Available evidence suggests that CDAs can have a positive impact on the financial outcomes of disadvantaged children and families. Empirical assessments of the effectiveness of CDAs have been limited given the recency and long-term nature of these policy tools. Most of the existing evidence on CDAs has come from studies of the now-discontinued CTF in the United Kingdom and of pilot initiatives, notably in the United States (see Box 4.4). Birkenmaier, Kim and Maynard (2023[153]) provides a recent review of the evidence from randomised and quasi-experimental studies on the financial outcomes of participants in CDA programmes. Where available, these studies highlight the financial benefits associated with CDAs. CDAs tend to have a small but positive impact on asset-building, though they do not significantly alter family saving behaviour.47 Furthermore, children and parents participating in CDA programmes also benefitted from greater exposure to financial institutions and services. In the case of the Michigan MI-SEED programme, participation was shown to have a small but statistically significant positive impact on financial skills – including savings and budgeting – and access to financial products for both children and parents from disadvantaged backgrounds (Birkenmaier, Kim and Maynard, 2023[153]).48
CDAs may also benefit children and families through important non-financial channels. CDAs have been shown to improve the academic performance of participating children and foster positive attitudes towards higher education. This notably translates into increased enrolment rates in post-secondary education, in particular for male participants from disadvantaged backgrounds (Grinstein-Weiss et al., 2019[150]; Frenette, 2017[154]). There is also evidence of positive effects on the family environment, including improved mental health outcomes for parents (notably reduced levels of maternal depression) and enhanced social-emotional development for children from disadvantaged backgrounds (Huang, Sherraden and Purnell, 2014[155]). In some cases, improved intergenerational communication and family bonding have been shown to play an important role in the programmes’ success, as children and parents supported and encouraged each other throughout the asset accumulation process (Deng, 2019[156]).

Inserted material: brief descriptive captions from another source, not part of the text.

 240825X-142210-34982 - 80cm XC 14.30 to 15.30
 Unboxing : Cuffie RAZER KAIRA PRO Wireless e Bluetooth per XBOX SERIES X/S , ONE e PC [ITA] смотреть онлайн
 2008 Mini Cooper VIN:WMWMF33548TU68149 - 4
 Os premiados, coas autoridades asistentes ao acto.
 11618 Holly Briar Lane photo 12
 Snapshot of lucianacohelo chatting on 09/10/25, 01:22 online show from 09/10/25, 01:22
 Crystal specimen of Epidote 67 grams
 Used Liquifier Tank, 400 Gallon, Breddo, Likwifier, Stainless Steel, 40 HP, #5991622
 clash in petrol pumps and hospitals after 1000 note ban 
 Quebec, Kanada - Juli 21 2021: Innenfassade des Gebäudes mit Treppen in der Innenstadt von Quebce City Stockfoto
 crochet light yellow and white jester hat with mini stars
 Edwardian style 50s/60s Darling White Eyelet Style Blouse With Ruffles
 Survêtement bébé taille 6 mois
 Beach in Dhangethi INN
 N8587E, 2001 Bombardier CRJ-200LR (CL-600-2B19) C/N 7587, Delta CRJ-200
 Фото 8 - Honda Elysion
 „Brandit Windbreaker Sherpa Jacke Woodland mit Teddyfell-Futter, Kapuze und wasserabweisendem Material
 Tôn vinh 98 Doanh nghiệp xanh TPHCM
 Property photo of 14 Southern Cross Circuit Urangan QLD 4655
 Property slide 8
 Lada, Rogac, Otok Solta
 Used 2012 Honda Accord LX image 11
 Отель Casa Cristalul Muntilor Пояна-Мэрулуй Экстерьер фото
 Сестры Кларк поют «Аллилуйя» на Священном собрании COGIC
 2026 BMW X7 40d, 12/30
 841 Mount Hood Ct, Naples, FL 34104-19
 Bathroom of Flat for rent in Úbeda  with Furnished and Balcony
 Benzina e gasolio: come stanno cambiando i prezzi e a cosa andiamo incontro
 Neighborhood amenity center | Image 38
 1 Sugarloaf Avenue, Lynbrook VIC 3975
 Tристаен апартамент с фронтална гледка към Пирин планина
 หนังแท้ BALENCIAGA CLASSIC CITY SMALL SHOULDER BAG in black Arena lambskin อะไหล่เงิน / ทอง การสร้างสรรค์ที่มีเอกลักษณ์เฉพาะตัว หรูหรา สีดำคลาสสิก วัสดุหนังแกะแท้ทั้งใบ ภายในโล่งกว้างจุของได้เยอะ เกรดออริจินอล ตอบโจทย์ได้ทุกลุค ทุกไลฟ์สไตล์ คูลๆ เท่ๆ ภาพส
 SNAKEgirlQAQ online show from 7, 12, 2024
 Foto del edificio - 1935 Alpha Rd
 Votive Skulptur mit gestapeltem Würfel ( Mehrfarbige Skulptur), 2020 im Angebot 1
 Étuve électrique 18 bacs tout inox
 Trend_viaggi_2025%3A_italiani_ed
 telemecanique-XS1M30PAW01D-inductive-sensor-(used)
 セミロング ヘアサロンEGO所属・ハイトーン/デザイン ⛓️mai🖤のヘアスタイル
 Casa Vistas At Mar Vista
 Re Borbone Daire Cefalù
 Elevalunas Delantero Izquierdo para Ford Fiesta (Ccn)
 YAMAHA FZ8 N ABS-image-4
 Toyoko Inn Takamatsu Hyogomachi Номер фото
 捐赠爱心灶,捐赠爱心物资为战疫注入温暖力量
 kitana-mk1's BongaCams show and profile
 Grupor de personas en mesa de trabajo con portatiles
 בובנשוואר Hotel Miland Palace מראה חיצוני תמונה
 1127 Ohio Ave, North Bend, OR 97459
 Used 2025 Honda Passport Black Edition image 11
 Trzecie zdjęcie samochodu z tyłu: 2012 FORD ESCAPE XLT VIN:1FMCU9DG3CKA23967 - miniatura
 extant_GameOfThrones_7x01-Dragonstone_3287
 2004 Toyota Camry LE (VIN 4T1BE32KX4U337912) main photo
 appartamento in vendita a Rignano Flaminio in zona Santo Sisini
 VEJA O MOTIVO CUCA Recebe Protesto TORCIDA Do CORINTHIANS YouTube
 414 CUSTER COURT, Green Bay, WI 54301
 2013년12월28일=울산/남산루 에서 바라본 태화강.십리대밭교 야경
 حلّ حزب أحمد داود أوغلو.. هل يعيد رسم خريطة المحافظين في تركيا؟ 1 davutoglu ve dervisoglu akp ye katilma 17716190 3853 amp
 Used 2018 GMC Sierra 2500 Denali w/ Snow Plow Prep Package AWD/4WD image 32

Lessons from countries’ experience with CDAs suggest that several key design features can improve their effectiveness. First of all, restrictions on the use and withdrawal of funds can help ensure that CDAs achieve their objectives in terms of educational or personal development and asset building. Typically, the funds cannot be withdrawn before a specific age and can only be allocated for specific purposes.49 Targeted awareness and information campaigns, as well as financial education resources, can help increase understanding of the benefits of CDAs, facilitate engagement with the financial products and services proposed and improve decisions about the investment strategy selected and use of the funds once they are withdrawn. This type of support is particularly important for low-income households, who tend to encounter additional barriers to enrolment and asset accumulation due to administrative burden, resource and time constraints as well as limited financial literacy. In order to be effective, information and support should be provided to children and to parents.50 Similarly, targeted measures can be considered to ensure CDAs contribute to greater financial equity. This can include, for example, the allocation of larger public deposits or higher-value vouchers to the accounts of children from disadvantaged backgrounds. Finally, CDA funds should be excluded from the calculation of household assets when determining eligibility for means-tested benefits, as including them would undermine the policy's objectives (Markoff, Radcliffe and Hamilton, 2024[157]; Sherraden et al., 2018[158]). Similarly, ensuring that CDA funds are not taxed, even after they are withdrawn, can help increase participation rates and prevent penalties for those who participate in the programme (Sherraden et al., 2018[158]).
Box 4.4. CDA initiatives at the sub-national level: Examples from the United States
Copy link to Box 4.4. CDA initiatives at the sub-national level: Examples from the United StatesIn the United States, the One Big Beautiful Bill Act (OBBB), which was passed by the 119th Congress and signed into law in July 2025, provides for the creation of a tax-favoured federal child savings account programme. This follows several similar attempts to introduce federal legislation on CDA, including the American Opportunity Accounts Act (AOAA) proposed during the previous 118th Congress. In addition to these federal initiatives, the US also has established experience with CDA at sub-national level.
Several US states, districts and cities have adopted CDA policies, including Connecticut and the District of Columbia (DC). Other states, such as California, have approved CDA programmes, appropriated state funding and are in the process of finalising conditions for eligibility and restrictions (see the California HOPE for Children Trust Account Program: https://www.treasurer.ca.gov/hope/). This box examines selected key features of the CDA programmes in the state of Connecticut, the District of Columbia, and in the cities of Oakland (CA) and St. Louis (MO). An overview of these initiatives can be found in Annex Table 4.A.2.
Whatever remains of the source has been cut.